- Dural Location in metropolitan Sydney
- Interactive map of Dural
- Country: Australia
- State: New South Wales
- Region: Hills District, New South Wales
- City: Sydney
- LGAs: The Hills Shire; Hornsby Shire;
- Location: 36 km (22 mi) NW of Sydney CBD;

Government
- • State electorates: Hornsby; Castle Hill;
- • Federal division: Berowra;
- Elevation: 208 m (682 ft)

Population
- • Total: 7,900 (2021 census)
- Postcode: 2158
Suburbs around Dural
| Kenthurst | Middle Dural | Galston Hornsby Heights |
| Glenhaven | Dural | Hornsby |
| Castle Hill | Cherrybrook | Westleigh |

= Dural, New South Wales =

Suburb of Sydney, Australia

Dural is a semi-rural suburb of Sydney, in the state of New South Wales, Australia. It is 36 kilometres north-west of the Sydney central business district and in the local government areas of Hornsby Shire and The Hills Shire. Dural is part of the Hills District. Round Corner is a locality in the south-western part of Dural.

==History==
The original inhabitants of the Dural area were the Darug people. Dural is derived from Dooral-Dooral, an Aboriginal name meaning a smoking hollow tree.

The name Dooral appeared on Surveyor Richard Dundiate's map of April 1817 and originally covered the whole area including present day Glenorie, Galston, Arcadia and Middle Dural. Located on the Old Northern Road, a historic road built by convicts between 1825 and 1836 to link early Sydney, in the Colony of New South Wales, with the fertile Hunter Valley to the north. The first grant in the area was made to George Hall in 1879. At an earlier stage, a local settler, James Roughley, had donated land to be used for the building of a church. A sandstone chapel was built on Old Northern Road circa 1846, with a vestry, apse and shingle roof, plus a bell turret on the western gable. A porch was added soon after. The chapel—known as St Jude's Church—is now listed on the Register of the National Estate.
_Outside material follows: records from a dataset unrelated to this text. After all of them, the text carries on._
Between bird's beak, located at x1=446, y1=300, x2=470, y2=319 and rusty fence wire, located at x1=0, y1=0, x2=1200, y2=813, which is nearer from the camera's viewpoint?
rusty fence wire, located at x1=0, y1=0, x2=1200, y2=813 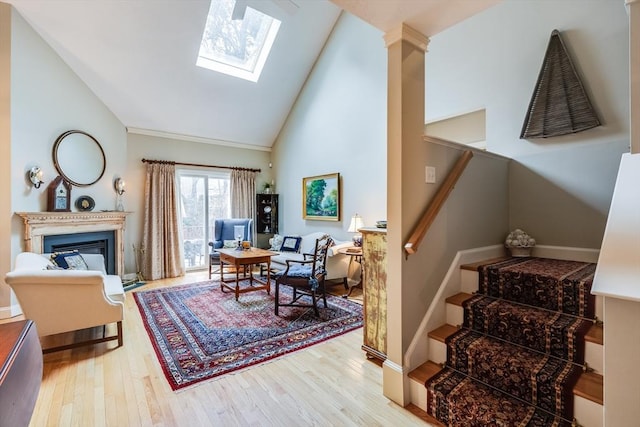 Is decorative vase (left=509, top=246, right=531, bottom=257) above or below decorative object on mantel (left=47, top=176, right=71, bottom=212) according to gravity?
below

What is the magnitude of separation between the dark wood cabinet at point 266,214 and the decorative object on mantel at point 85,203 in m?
2.99

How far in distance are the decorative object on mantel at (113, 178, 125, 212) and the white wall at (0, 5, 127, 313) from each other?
0.21 m

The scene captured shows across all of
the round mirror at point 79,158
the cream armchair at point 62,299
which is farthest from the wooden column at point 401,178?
the round mirror at point 79,158

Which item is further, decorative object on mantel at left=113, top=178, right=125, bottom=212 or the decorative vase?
decorative object on mantel at left=113, top=178, right=125, bottom=212

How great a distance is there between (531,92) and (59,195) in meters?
6.09

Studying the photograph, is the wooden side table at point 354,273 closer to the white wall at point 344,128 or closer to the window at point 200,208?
the white wall at point 344,128

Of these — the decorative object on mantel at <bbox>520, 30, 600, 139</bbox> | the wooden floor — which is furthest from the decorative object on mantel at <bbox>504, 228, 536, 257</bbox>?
the wooden floor

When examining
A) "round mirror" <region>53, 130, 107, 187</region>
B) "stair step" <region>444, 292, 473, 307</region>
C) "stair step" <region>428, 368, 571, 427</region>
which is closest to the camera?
"stair step" <region>428, 368, 571, 427</region>

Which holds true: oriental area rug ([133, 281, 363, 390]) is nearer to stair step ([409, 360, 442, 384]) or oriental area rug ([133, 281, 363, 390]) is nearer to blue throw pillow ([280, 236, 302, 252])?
stair step ([409, 360, 442, 384])

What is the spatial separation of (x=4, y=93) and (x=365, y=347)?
16.5 feet

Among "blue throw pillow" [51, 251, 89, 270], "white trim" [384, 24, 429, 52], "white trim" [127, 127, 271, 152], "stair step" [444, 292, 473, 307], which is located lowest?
"stair step" [444, 292, 473, 307]

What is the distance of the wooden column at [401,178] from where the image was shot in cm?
187

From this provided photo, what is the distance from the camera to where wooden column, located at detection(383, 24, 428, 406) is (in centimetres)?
187

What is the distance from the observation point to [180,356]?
2508 mm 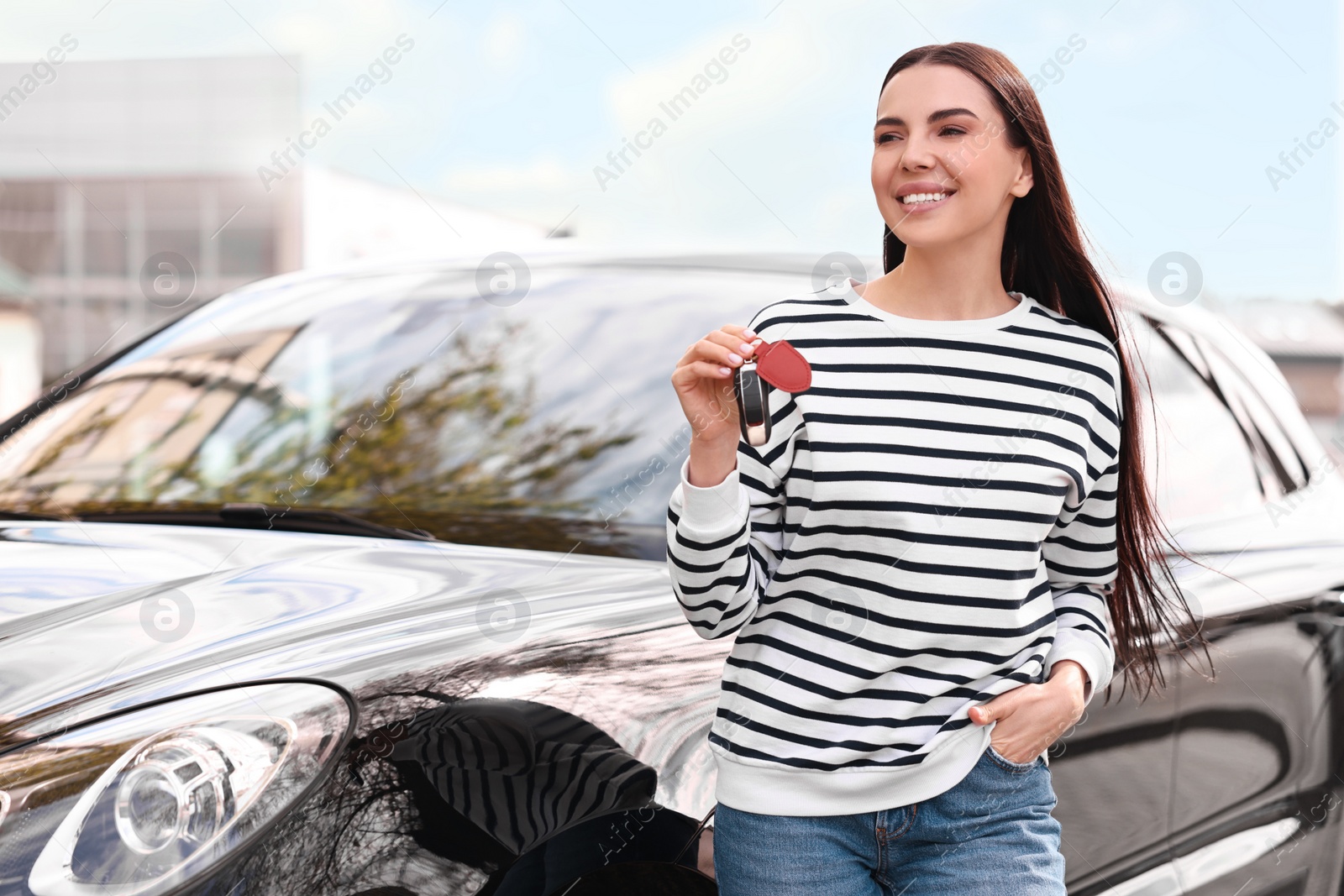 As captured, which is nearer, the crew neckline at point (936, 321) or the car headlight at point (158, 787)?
the car headlight at point (158, 787)

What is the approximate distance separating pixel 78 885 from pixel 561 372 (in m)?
1.24

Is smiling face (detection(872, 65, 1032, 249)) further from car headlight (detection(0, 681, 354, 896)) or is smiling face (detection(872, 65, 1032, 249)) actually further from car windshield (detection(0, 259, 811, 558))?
car headlight (detection(0, 681, 354, 896))

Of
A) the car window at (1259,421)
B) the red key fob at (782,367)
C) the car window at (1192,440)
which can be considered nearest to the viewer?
the red key fob at (782,367)

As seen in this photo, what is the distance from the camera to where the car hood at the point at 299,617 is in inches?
53.4

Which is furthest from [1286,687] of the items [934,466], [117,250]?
[117,250]

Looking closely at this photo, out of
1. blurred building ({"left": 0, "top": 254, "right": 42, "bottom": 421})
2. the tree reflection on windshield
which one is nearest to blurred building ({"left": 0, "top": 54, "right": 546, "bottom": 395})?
blurred building ({"left": 0, "top": 254, "right": 42, "bottom": 421})

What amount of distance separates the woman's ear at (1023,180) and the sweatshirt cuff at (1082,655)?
54 cm

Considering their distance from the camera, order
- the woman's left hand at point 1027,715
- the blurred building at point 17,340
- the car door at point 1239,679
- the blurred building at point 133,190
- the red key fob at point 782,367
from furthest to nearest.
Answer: the blurred building at point 133,190 < the blurred building at point 17,340 < the car door at point 1239,679 < the woman's left hand at point 1027,715 < the red key fob at point 782,367

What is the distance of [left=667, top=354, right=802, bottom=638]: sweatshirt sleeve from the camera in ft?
4.11

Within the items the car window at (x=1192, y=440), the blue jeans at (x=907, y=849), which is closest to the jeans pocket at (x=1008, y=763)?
the blue jeans at (x=907, y=849)

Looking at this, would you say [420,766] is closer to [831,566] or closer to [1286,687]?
[831,566]

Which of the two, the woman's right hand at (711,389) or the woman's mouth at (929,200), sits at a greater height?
the woman's mouth at (929,200)

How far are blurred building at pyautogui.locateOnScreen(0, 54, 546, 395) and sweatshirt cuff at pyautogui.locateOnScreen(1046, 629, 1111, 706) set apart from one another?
2111cm

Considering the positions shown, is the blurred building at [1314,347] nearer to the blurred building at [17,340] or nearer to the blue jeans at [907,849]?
the blue jeans at [907,849]
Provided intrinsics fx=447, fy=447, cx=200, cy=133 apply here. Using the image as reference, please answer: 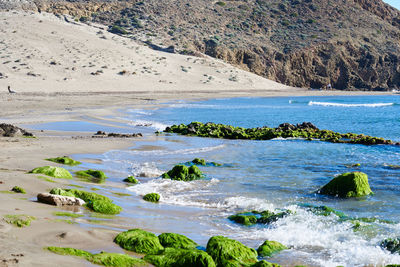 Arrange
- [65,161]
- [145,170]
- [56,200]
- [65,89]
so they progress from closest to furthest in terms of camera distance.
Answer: [56,200], [65,161], [145,170], [65,89]

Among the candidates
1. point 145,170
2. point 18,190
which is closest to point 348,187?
point 145,170

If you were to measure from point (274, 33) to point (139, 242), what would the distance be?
281 ft

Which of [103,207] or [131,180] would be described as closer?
[103,207]

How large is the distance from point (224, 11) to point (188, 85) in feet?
127

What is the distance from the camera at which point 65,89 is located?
44.1 meters

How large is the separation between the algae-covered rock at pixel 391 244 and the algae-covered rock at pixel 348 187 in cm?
343

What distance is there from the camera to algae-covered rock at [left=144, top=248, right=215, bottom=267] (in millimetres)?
5566

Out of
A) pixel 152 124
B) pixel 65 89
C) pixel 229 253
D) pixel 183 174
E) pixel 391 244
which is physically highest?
pixel 65 89

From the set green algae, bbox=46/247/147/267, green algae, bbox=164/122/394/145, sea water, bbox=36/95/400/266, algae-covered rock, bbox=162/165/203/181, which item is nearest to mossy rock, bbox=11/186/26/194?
sea water, bbox=36/95/400/266

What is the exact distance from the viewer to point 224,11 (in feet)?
295

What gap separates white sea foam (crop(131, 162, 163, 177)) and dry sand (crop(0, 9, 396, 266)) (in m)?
Result: 2.63

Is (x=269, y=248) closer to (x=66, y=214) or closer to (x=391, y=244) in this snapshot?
(x=391, y=244)

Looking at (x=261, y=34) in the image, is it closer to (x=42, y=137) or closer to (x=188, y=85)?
(x=188, y=85)

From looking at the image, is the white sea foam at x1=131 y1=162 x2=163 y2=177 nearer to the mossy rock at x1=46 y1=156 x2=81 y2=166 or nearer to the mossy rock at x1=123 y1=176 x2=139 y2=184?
the mossy rock at x1=123 y1=176 x2=139 y2=184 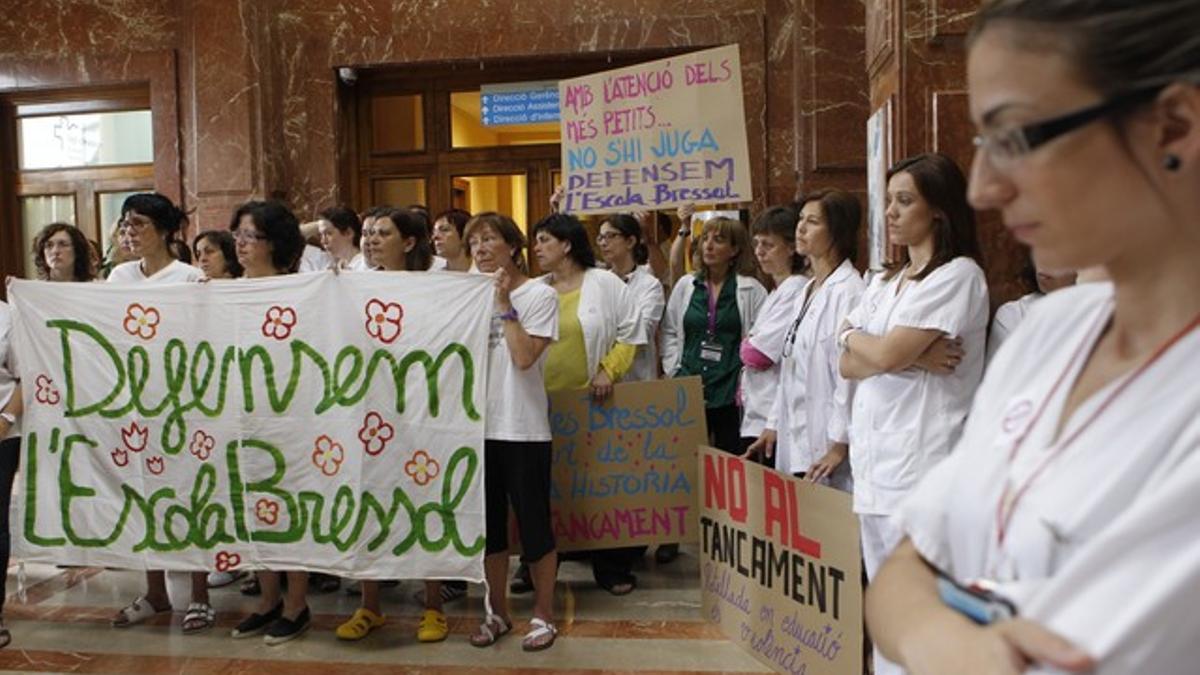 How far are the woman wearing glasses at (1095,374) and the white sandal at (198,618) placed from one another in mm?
3385

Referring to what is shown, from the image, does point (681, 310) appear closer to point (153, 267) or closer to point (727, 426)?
point (727, 426)

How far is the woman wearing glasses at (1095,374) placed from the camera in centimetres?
66

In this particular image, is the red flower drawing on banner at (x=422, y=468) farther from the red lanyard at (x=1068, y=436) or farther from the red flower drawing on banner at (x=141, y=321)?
the red lanyard at (x=1068, y=436)

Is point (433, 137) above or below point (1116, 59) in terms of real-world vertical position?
above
Dural Post Office opened on 1 August 1864.

==Demographics==
According to the 2021 census, there were 7,900 residents in Dural. 64.1% of people were born in Australia. The next most common countries of birth were China 4.1%, England 4.0%, India 3.0%, South Africa 2.0% and Malaysia 1.6%. 69.1% of people spoke only English at home. Other languages spoken at home included Arabic 3.4%, Cantonese 2.6%, Persian (excluding Dari) 1.4% and Italian 1.4%. The most common responses for religion in Dural were Catholic 28.1%, No Religion 25.9%, Anglican 14.9%, and Buddhism 3.8%. The median weekly household income was $2,489 was a fair bit higher than the national median of $1,746 per month. 80.3% of occupied dwellings were separate houses and 64.5% of houses had 4 or more bedrooms. There was a high level of home ownership in Dural, with 81.0% of people either owning their house outright or owning with a mortgage.

==Schools==
- Lorien Novalis School
- Dural Public School
- Redfield College
- Pacific Hills Christian School
- Warrah Rudolf Steiner School
- Middle Dural Public School

==Sport and recreation==
Dural plays host to the Dural Rugby Club, Dural Country Club, Dural Country Club soccer teams, Redfield Lions Soccer and Rugby Clubs and the Pacific Hills Pumas Soccer Club.
Dural Rugby Club organises Wallatag in the Summer Months which is held on a Friday night at Bernie Mullane Sports Complex in Kellyville.
The Northwest Hawks Junior Rugby League Football Club has its home ground at Dural Park, Quarry Road Dural

==Transport==
Dural has no railway station but is connected to Castle Hill metro station, Cherrybrook metro station and Pennant Hills railway station via bus services operated by CDC NSW. A CDC NSW depot is located on New Line Road next to McDonald's.

==Media==
Between 1985 and 1987, Dural was the site for tapings of the television game show It's a Knockout shown nationally on the Ten Network and hosted by Billy J Smith and Fiona MacDonald. However, due to numerous complaints from local residents the show was cancelled in 1987.
Dural was also the setting for the home of the wealthy Hamilton family, at 631 Old Northern Road, in the soap opera Sons And Daughters during its 1981–1987 run. A manor house in Dural, Le Chateau, was the primary filming location of reality television show Beauty and the Geek Australia. Le Chateau is now owned by Harach Lucas, founder and CEO of information Technology services company MicroChannel.

==Communications==

Quarry Road is home to the Amateur Radio New South Wales clubrooms, library, and broadcasting site.